→ SUPPLIED MATERIAL:
»»
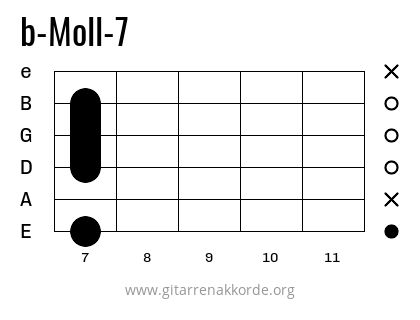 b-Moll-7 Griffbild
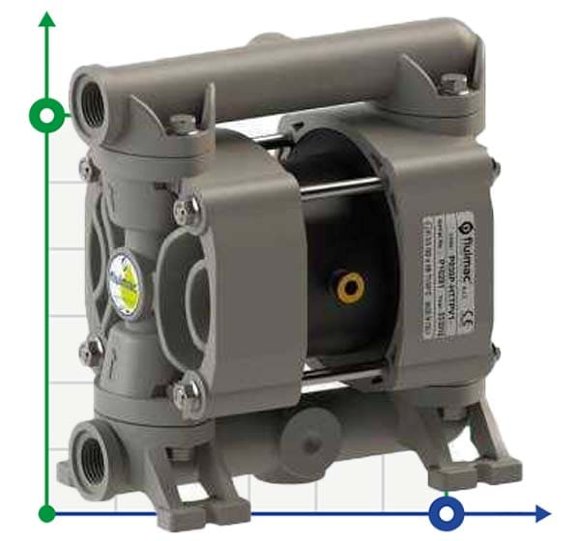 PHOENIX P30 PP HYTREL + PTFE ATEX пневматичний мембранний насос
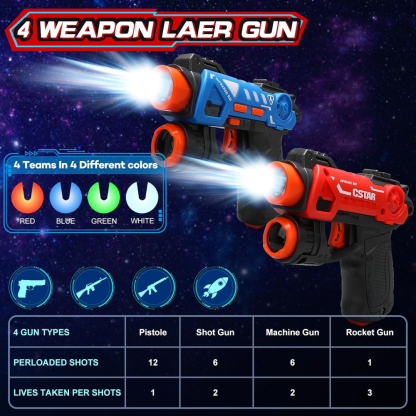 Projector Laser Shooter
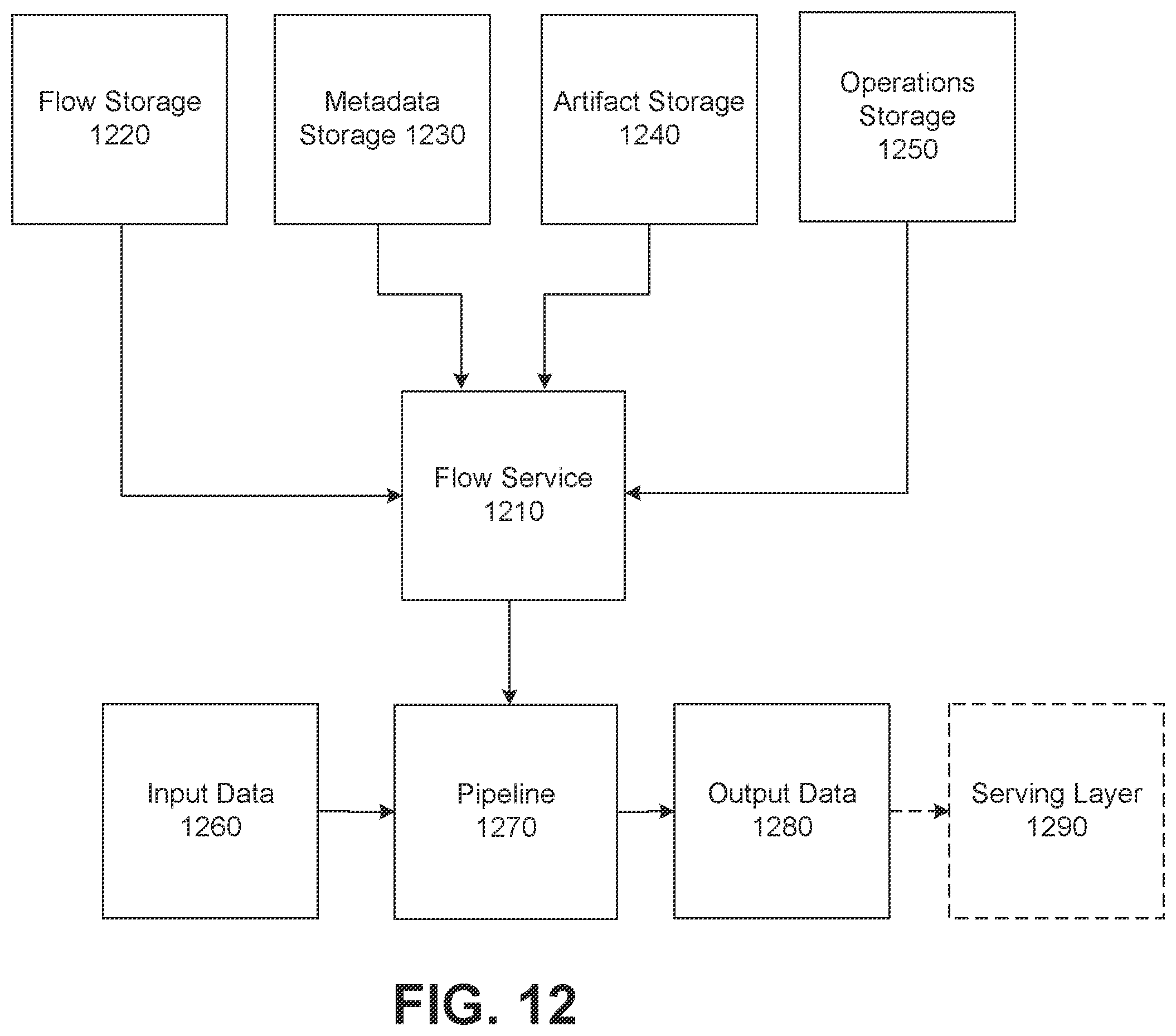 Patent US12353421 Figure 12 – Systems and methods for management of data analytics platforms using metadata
««
→ PROBLEM DESCRIPTION: Word for word, repeat the data above with the pictures left out.

→ EXERCISE RESULT:
 b-Moll-7 Griffbild
 PHOENIX P30 PP HYTREL + PTFE ATEX пневматичний мембранний насос
 Projector Laser Shooter
 Patent US12353421 Figure 12 – Systems and methods for management of data analytics platforms using metadata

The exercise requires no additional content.